Appellant would make the phrase "sustained by the wrecking or disablement" controlling. As we understand appellant's contention it amounts to this: That respondent is not entitled to recover if the loss of the sight of his eye was occasioned by the accident which wrecked the wagon, unless the injury was produced by the wreck; that the evidence fails to show the object which destroyed the sight of his eye came from, or was set in motion by the wreck, and, therefore, he is not entitled to recover.

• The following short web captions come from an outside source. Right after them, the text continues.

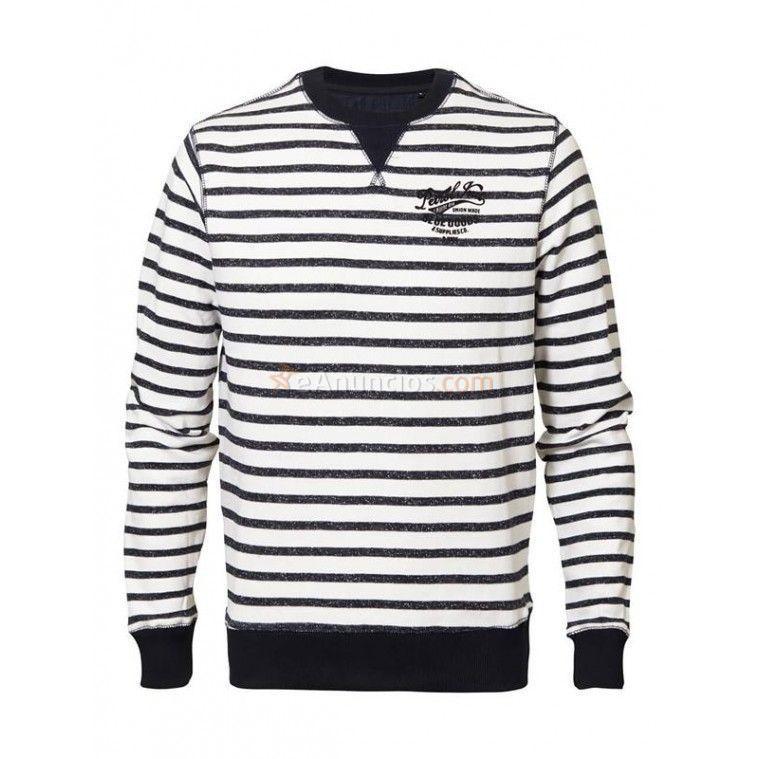 SUDADERA RAYAS MARINO SWR307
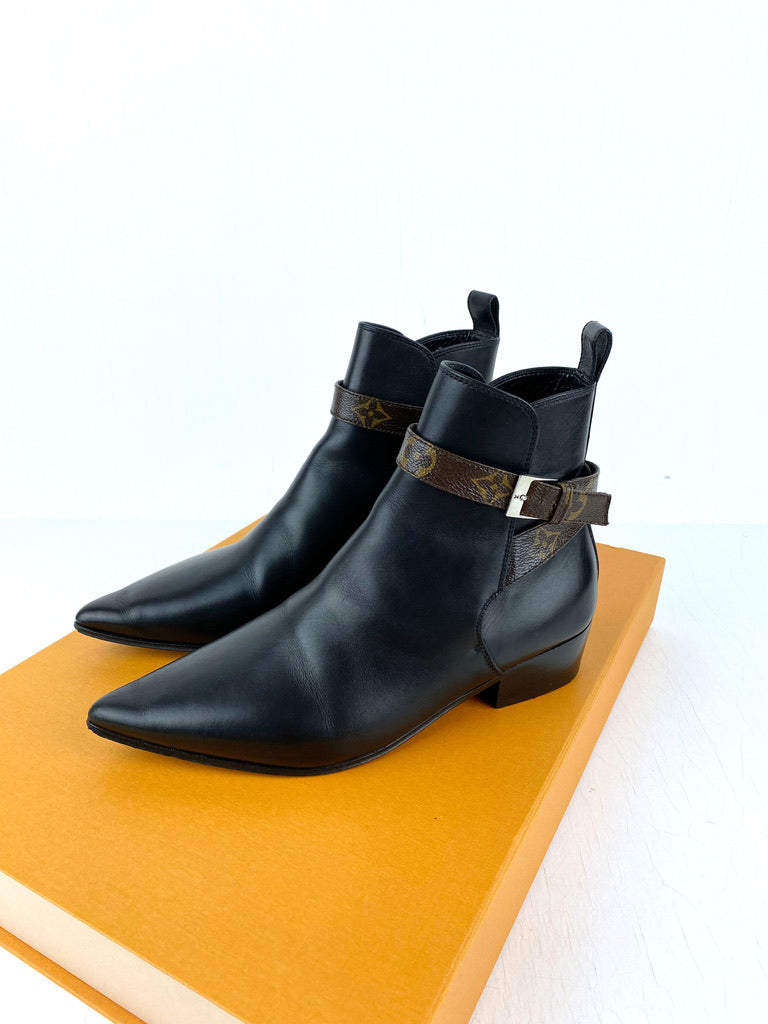 Louis Vuitton Ankle Boots - Str 37,5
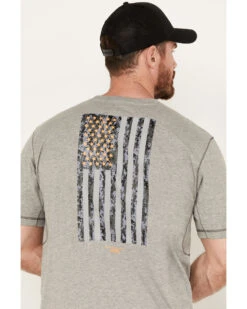 Ariat Men's Rebar Workman Reflective Flag Short Sleeve T-Shirt 9 Ariat Men's Rebar Workman Reflective Flag Short Sleeve T-Shirt -Ariat || Wrangler || Carhartt Shop 2000384742 070 P4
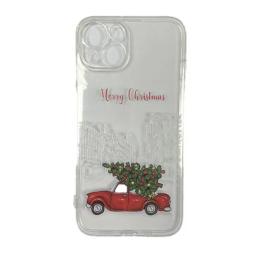 Чохол-накладка Infinity New Year Apple iPhone 13 Transparent Автомобіль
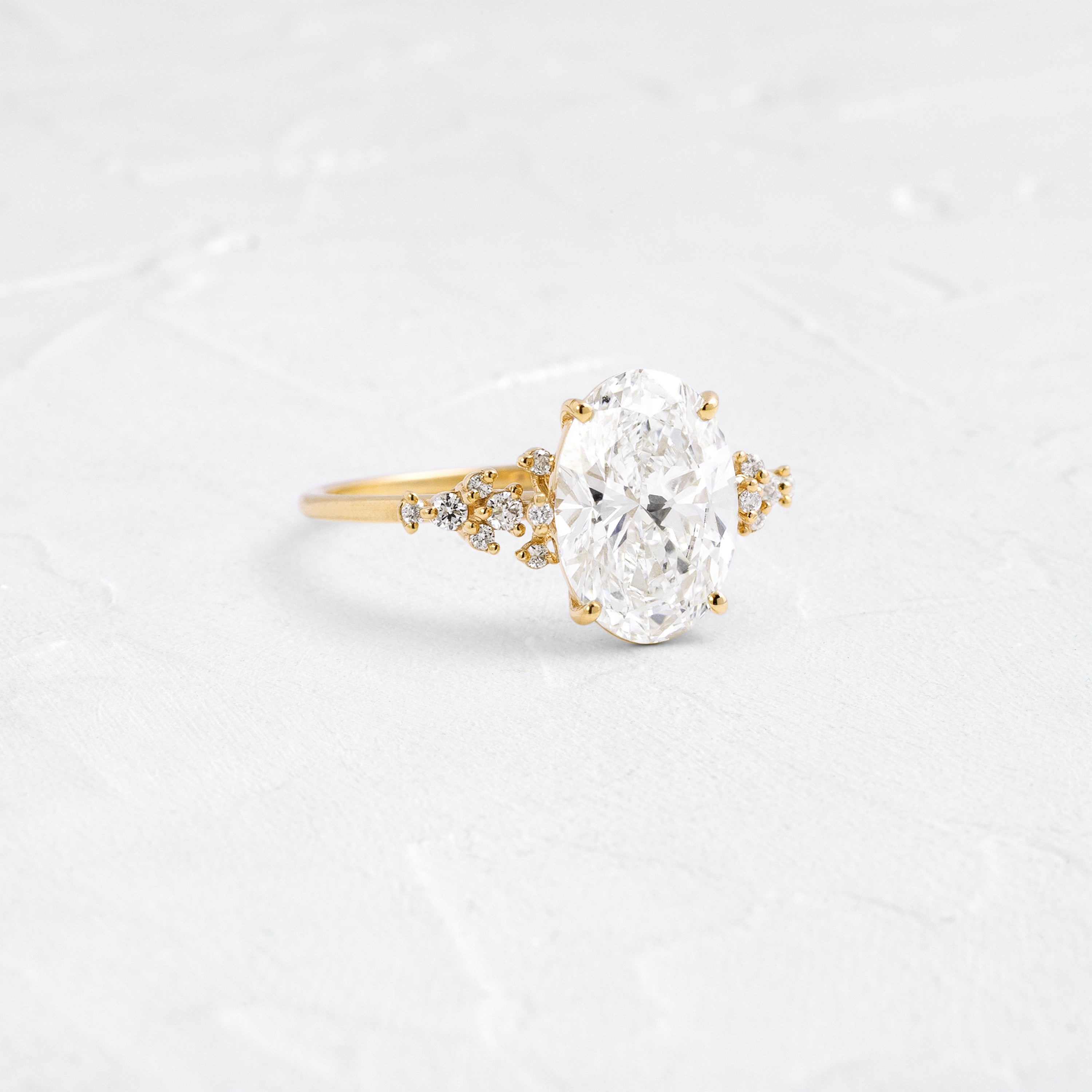 Tapestry Ring, Oval Cut | Handcrafted Engagement Ring | Melanie Casey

We are not in accord with that contention. The contract must be read and considered as a whole, and the meaning and intention of the parties determined therefrom. When so read it is clear they agreed appellant would pay respondent the compensation therein mentioned in the event of the loss of the sight of one eye, sustained in an accident which wrecked a horse-drawn farm wagon while he was operating and using it.
The trial judge found, and the finding is supported by the evidence, "that said injury and disablement was sustained through external, violent and accidental means and independently of all other causes, and was sustained as a result of the accident," hereinbefore described.
It is true the evidence does not show what struck respondent's eye, nor does it show conclusively what put the missile in motion, but the reasonable inference from the undisputed testimony is that the object which struck respondent's eye, and destroyed the sight of it, was put in motion by the accident which wrecked the wagon, and was one of the results thereof. These facts bring respondent's injury within the meaning of the contract of insurance expressed in the policy.
Issues of fact in civil cases are to be determined in accordance with the preponderance of the evidence and need not be established beyond a reasonable doubt. ( Adams v. Bunker Hill etc. Min. Co., 12 Idaho 637, 89 P. 624, 11 L.R.A., N.S., 844; Newman v. Great Shoshone etc. Power Co., 28 Idaho 764, 156 Pac. 111; Roe v. Boise Grocery Co., 53 Idaho 82, 21 P.2d 910.)
The judgment is affirmed. Costs are awarded to respondent.
Budge, C.J., and Givens, Holden and Wernette, JJ., concur.